New rule requires FINRA firms to investigate applicants an verify registration information through public record searches.

In an attempt to streamline and clarify FINRA members’ obligations relating to background investigations, the Securities and Exchange Commission (SEC) has recently approved FINRA Rule 3110(e): Responsibility of Member to Investigate Applicants for Registration (the “Rule”).

The Rule becomes effective on July 1, 2015, and expands the background investigations that member firms are required to conduct on applicants. Most notable among the Rule’s requirements is a mandate that members adopt written background check procedures that include a national search of “reasonably available” public records as well as a clarification on the timing of the various background check and investigation requirements. The Rule also reiterates an existing requirement that members investigate the good character, business reputation, qualifications and experience of an applicant before registering the applicant with FINRA and encourages members to conduct the newly required public records search prior to filing the Form U4 as a best practice.

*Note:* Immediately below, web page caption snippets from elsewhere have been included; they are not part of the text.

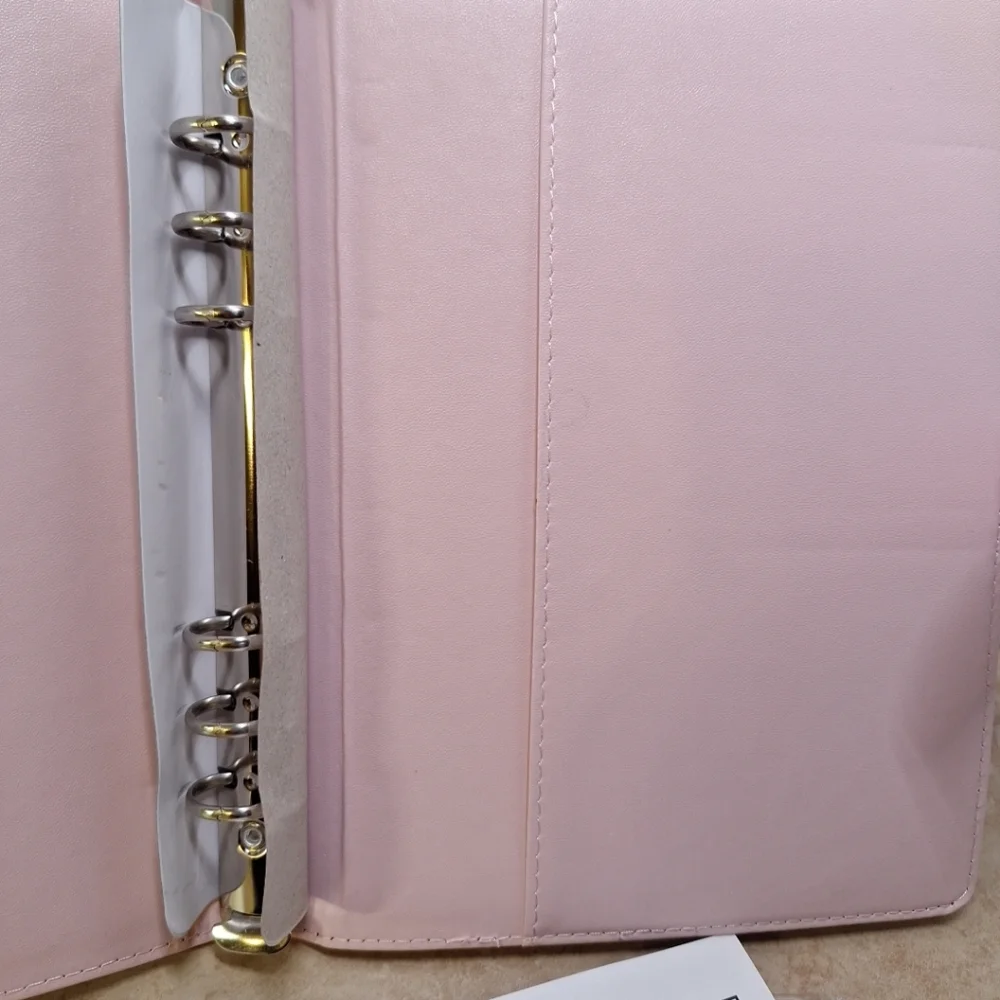 100 Envelope Saving Challenge Pink 6-ring Binder Clear Pockets Tracker Page 9x7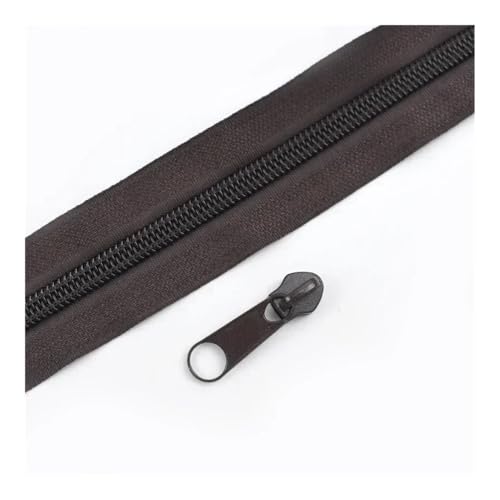 ERQIAO 1–10 m, 3# 5# Nylon-Spule, Reißverschlussband mit Reißverschlüssen, Schieber für Kleidersack, buntes Dekor, Reißverschluss-Reparatur-Kits, DIY-Nähzubehör (DarkCoffee, 3M3PCS_NO3) von ERQIAO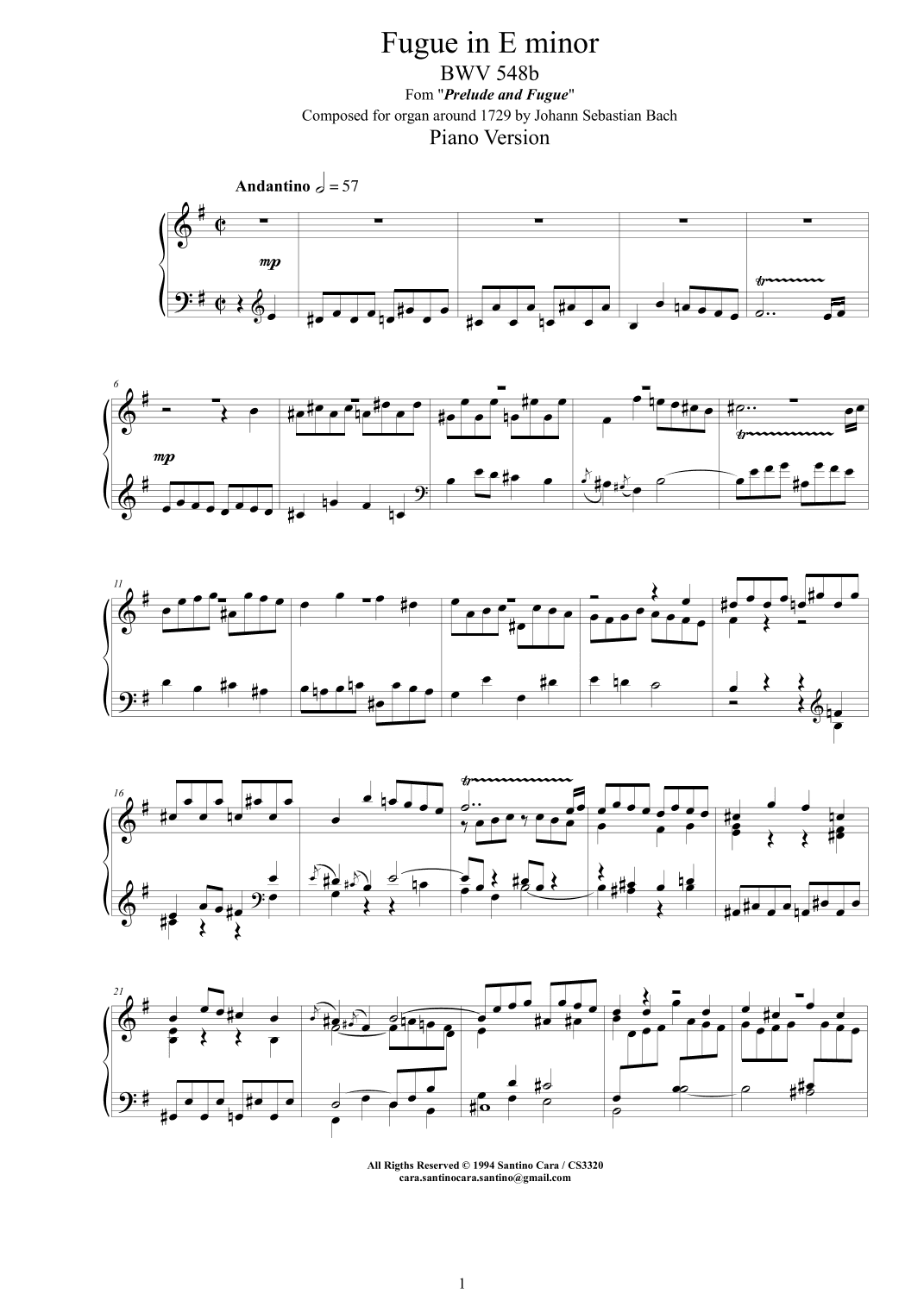 Bach - Fugue in E minor BWV 548b - Piano version (arr. Santino Cara)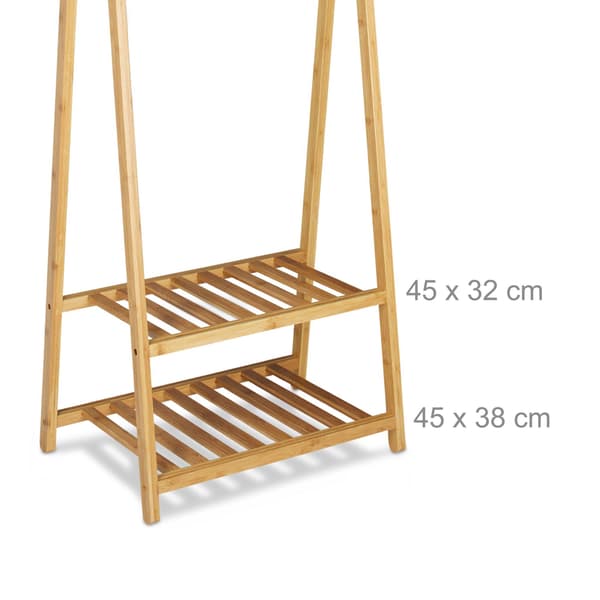Bambuinen vaateteline 2 hyllyllä
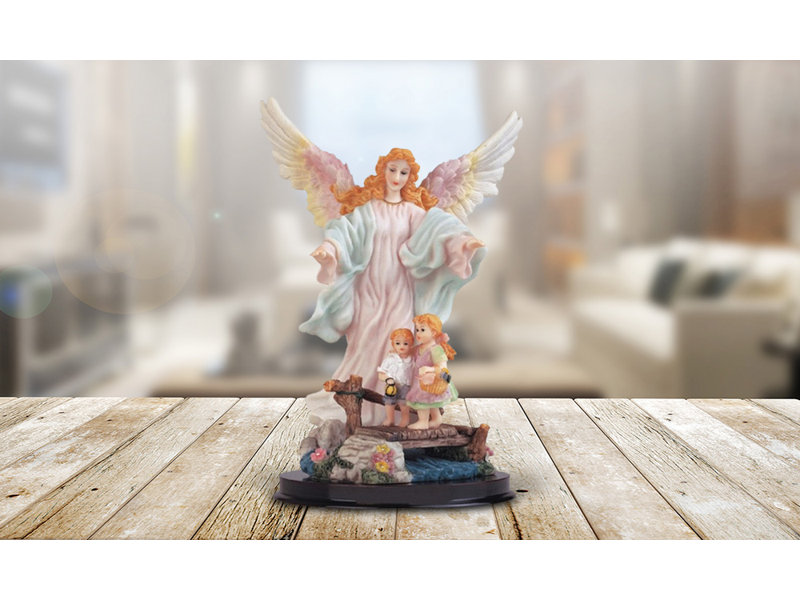 9"H Pink Guardian Angel with Children Holy Figurine Unique Gifts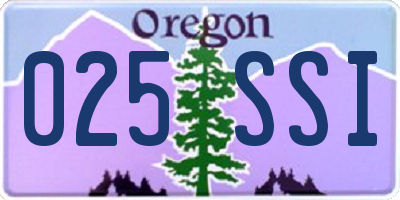 OR license plate 025SSI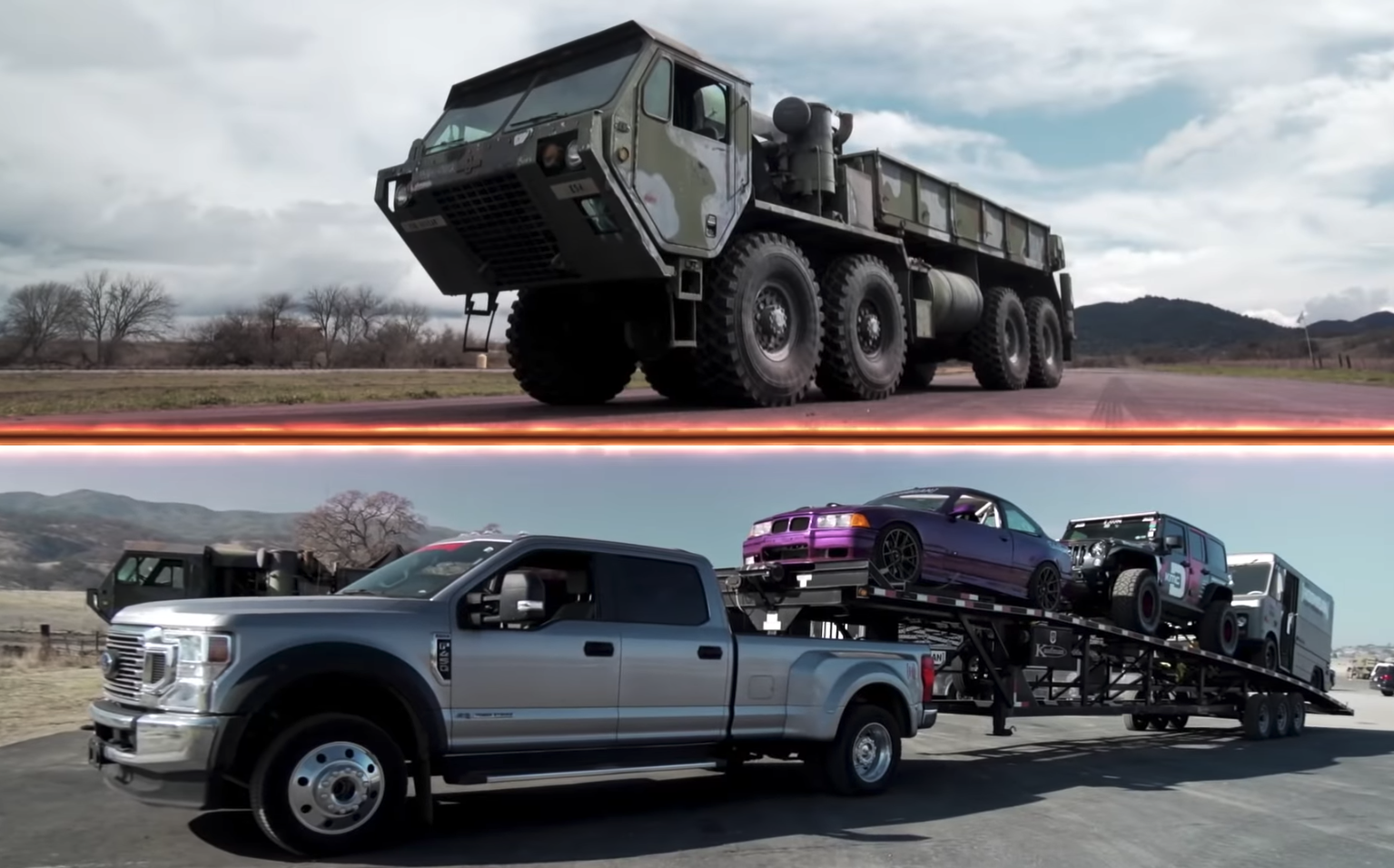 HEMTT vs Ford F-350 drag race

Background & Impetus to Rulemaking

FINRA’s Rule 3110(e) is actually based in part on previously existing rules, including NASD Rule 3010(e) and NYSE Rule 345.11. The Rule also incorporates previously existing requirements set forth on the Form U4 that continue to remain in place.1

1. NASD Rule 3010(e)

NASD Rule 3010(e) had previously imposed a responsibility and duty on members to ascertain by investigation the good character, business reputation, qualifications and experience of any person prior to making such a certification in the application of such person for registration with FINRA.

2. Form U4 Requirements

Prior to the Rule, language on the Form U4 imposed certain requirements on firms that continue to remain in place. This includes a requirement that firms take steps to verify the accuracy and completeness of the information provided on the Form U4, and a requirement that firms contact the applicant’s employers from the previous three years and have documentation on file with the names of the persons contacted and the date of contact.

3. NYSE Rule 345.11

In addition, the previously existing NYSE Rule 345.11 also required member organizations to investigate the previous records of persons whom the organization contemplated employing. This investigatory requirement would be satisfied when the member organization fulfilled its aforementioned obligation to verify the information contained in the Form U4. FINRA’s adoption of the Rule is an attempt to consolidate, streamline and clarify all of these previously existing requirements. For example, the aforementioned NASD rule only stated that members had to conduct an investigation before they could make a certification to that effect in a person’s application, but that rule did not explicitly require that the investigation be done before applying for registration with FINRA. So—at least in theory—a firm could try to file for registration without including the certification and without doing the investigation. The new Rule attempts to close these loopholes and sets forth a more streamlined process that is easier for member firms to comply with.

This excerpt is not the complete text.